──────── The data

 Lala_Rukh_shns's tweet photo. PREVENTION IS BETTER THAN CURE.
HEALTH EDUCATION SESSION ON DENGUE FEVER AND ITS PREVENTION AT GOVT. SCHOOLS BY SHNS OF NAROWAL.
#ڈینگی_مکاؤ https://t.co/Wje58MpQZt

────────────────
──────── The data

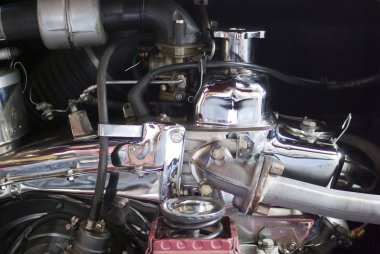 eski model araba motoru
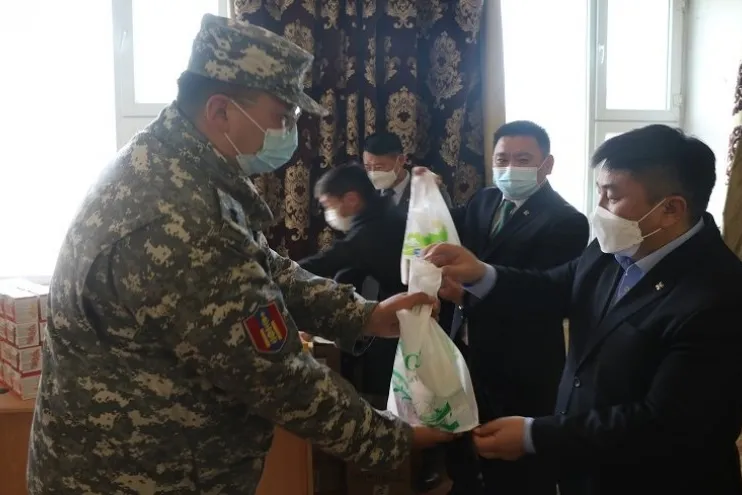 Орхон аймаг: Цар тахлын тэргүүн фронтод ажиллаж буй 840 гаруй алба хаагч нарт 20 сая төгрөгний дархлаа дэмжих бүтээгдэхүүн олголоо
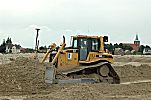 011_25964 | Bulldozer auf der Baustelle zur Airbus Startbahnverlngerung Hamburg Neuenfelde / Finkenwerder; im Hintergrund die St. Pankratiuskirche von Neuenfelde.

────────────────

Look through the records and gather each line with the word "PREVENTION".

 Lala_Rukh_shns's tweet photo. PREVENTION IS BETTER THAN CURE.
HEALTH EDUCATION SESSION ON DENGUE FEVER AND ITS PREVENTION AT GOVT. SCHOOLS BY SHNS OF NAROWAL.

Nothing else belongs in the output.